As I mentioned earlier, their chocolates are manufactured in Montreal, Canada inside a facility. I couldn’t find more information beyond this about the kind of technology they use, about their employers, about the technology they use at the facility. But once I went on their Instagram, I was able to find a lot more content on their production. They manually measure and mix the ingredients of the bean bark and spreading the mix on the tray to cool. Then, they break it up into chunks and fill the bags with it, sealing it tight with their machine. Food production as a whole is a pretty intensive process - around 16% of the total energy consumed in food processing goes towards it. Regardless of how it’s assembled, most facilities run on coal and natural gas power plants which only contribute to the carbon dioxide emissions. I love how much information Remix has provided their audience but I would love to see more details on their carbon emissions and energy usage. Is their production and backroom as committed to sustainability as the products they put out? I do want to address that carbon emissions from a facility may not be as reflective of their brand as we may think. They are a smaller business that is just starting up and are manually assembling all their products. Would they be able to operate for fewer hours, and thus emit less, if they had the resources to invest in better technology? If they have high numbers, I think this should only give investors all the more reasons to invest in their company. Judging from their stories, there are very few people in the kitchen and I’m assuming that most of them are part of their 6-10 core size team. However, I don’t have any more details beyond that and for now, I’ll give them the benefit of the doubt that their work conditions are ethical.

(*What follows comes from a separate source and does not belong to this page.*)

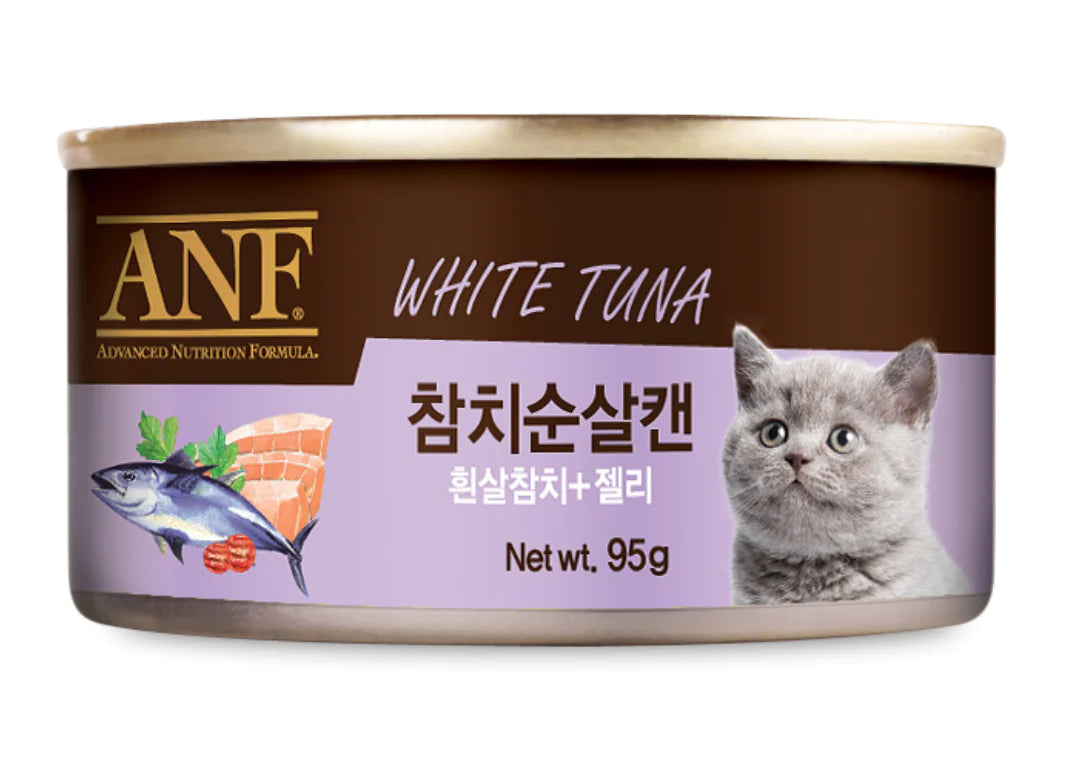ANF White Tuna Meat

Overall, I would love to get to know their process better than a quick Instagram reel or story.

who makes it:

2.75

The founders met at McGill University and that’s where the idea of Remix Snacks was conceived. From the start, they were determined to create a healthy product for consumers and the environment and their company is pretty reflective of their commitment. And they make that clear on almost every page of their website. They write informative blog posts about lessening our plastic usage and have saved 900 pounds of imperfect foods since starting. While they have a movement tab on their website, I was disappointed to learn that it was a movement for Mindful Eating instead of sustainability. I totally understand where they are coming from - they are dieticians after all - but I thought it was interesting that they didn’t consider how eating mindfully also meant being mindful of where the ingredients are sourced from. Instead, the movement focused on reconnecting with our senses. Perhaps, they can consider a movement that runs parallel to this one that focuses on the environmental aspect of their brand. I think they are paving such a unique path in the food industry and I would love to see them give both the nutrition and environmental aspects of their brand the attention they deserve.